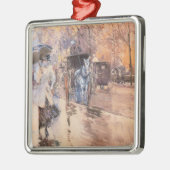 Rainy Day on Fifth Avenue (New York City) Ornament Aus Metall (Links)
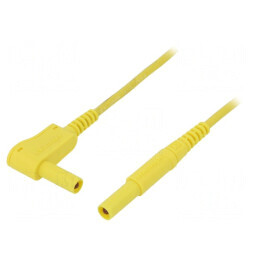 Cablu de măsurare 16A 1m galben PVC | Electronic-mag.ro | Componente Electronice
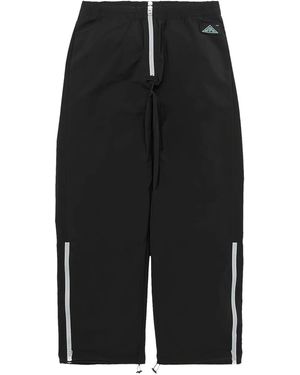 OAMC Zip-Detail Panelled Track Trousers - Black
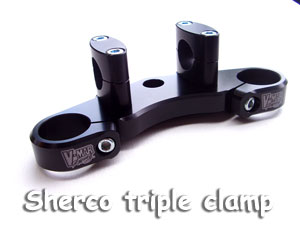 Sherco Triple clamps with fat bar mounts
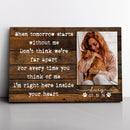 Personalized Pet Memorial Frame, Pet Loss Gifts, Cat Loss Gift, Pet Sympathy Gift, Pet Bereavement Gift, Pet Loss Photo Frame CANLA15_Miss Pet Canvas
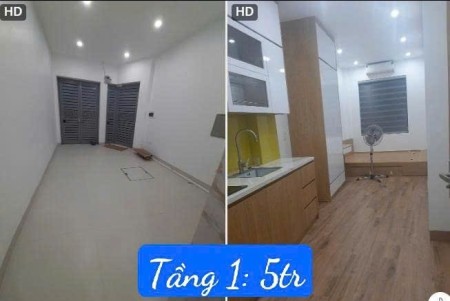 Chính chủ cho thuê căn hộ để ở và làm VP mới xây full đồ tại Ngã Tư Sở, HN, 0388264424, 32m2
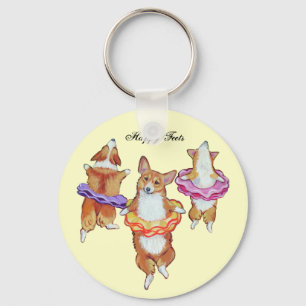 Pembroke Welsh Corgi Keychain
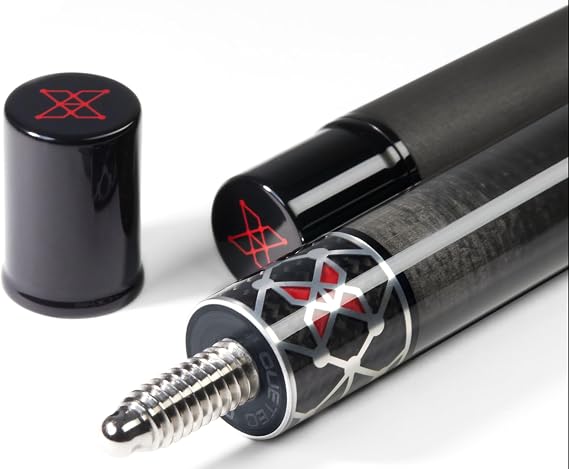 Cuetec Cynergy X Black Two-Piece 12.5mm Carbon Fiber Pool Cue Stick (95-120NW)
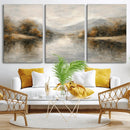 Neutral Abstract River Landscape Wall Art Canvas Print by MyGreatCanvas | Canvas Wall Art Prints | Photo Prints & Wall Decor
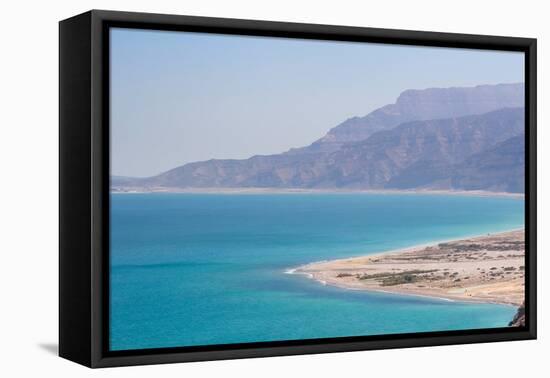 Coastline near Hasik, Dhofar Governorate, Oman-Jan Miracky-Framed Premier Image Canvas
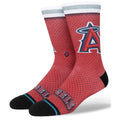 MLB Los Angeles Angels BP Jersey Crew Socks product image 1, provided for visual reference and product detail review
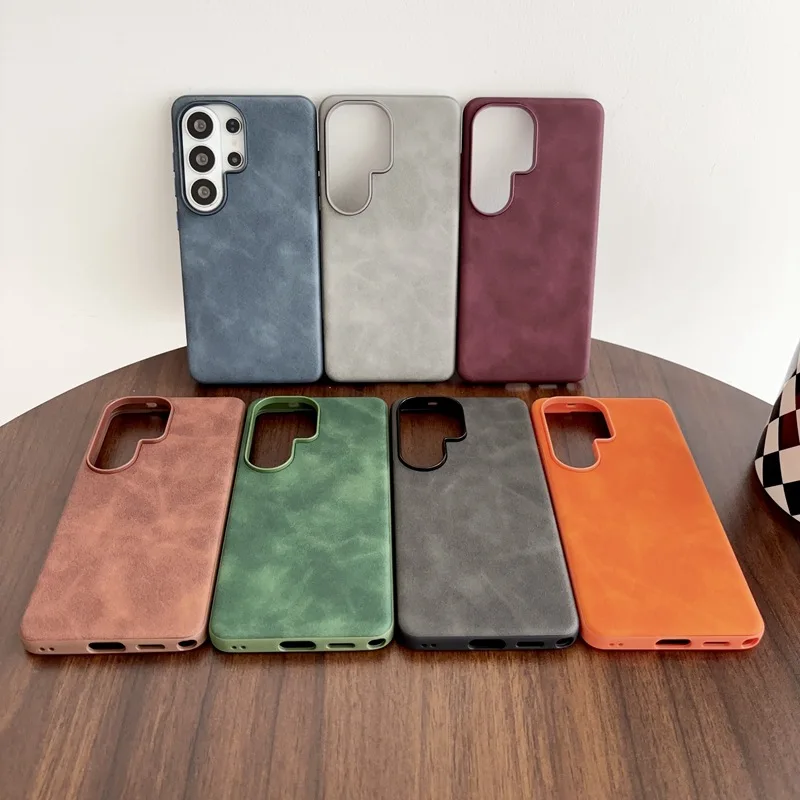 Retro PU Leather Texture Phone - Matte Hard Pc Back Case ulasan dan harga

* * *

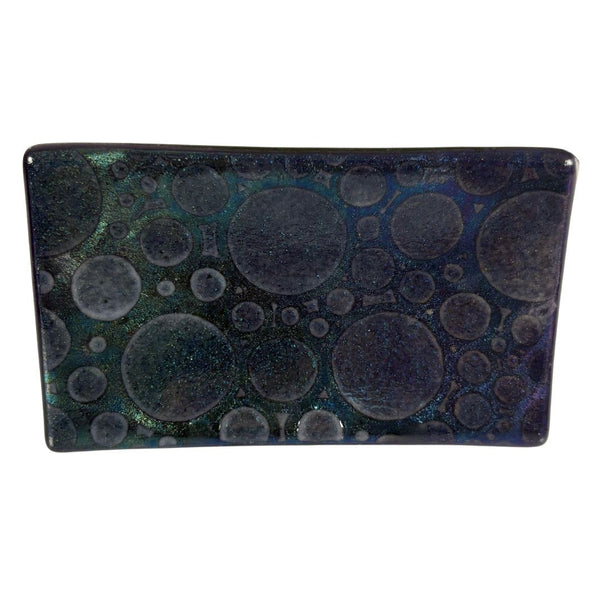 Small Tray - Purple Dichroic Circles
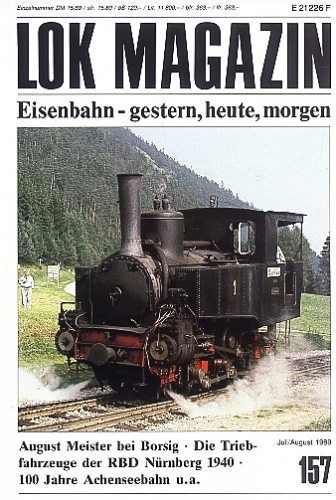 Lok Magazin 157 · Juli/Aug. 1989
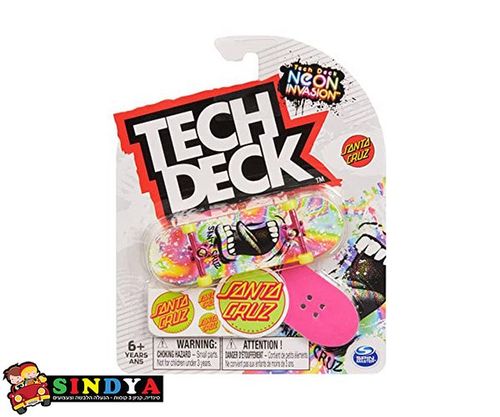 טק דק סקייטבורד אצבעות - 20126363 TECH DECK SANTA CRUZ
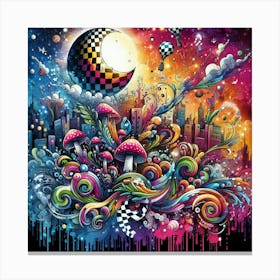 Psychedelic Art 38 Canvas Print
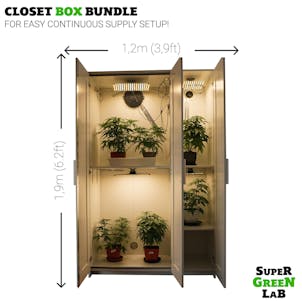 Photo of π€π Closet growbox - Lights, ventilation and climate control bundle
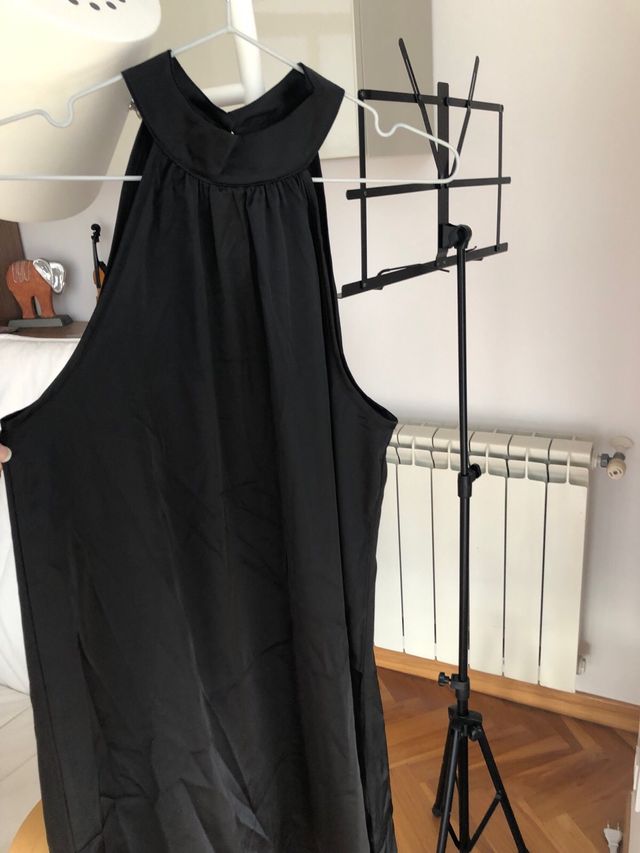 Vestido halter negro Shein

---

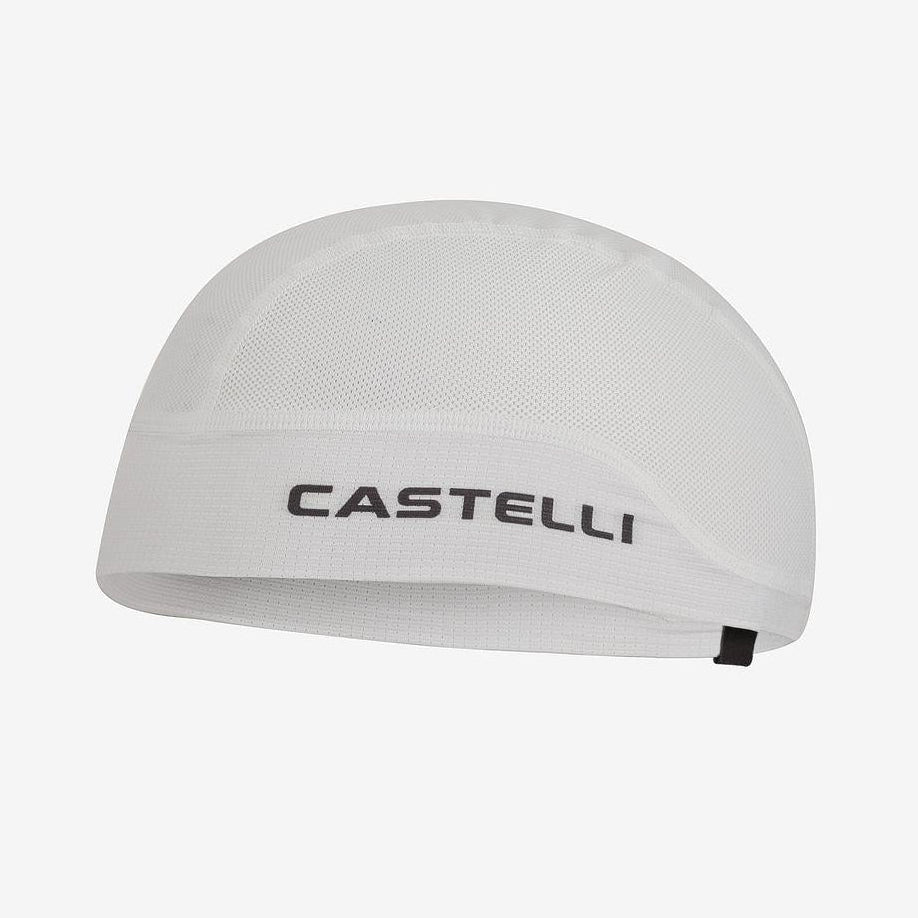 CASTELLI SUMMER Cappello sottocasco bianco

**Task**
Output only the lines above from the one containing "Personalized Pet Memorial" to the one containing "Pembroke Welsh Corgi Keychain", both included, exactly as written and with no pictures.

**Expected answer**
 Personalized Pet Memorial Frame, Pet Loss Gifts, Cat Loss Gift, Pet Sympathy Gift, Pet Bereavement Gift, Pet Loss Photo Frame CANLA15_Miss Pet Canvas
 Chính chủ cho thuê căn hộ để ở và làm VP mới xây full đồ tại Ngã Tư Sở, HN, 0388264424, 32m2
 Pembroke Welsh Corgi Keychain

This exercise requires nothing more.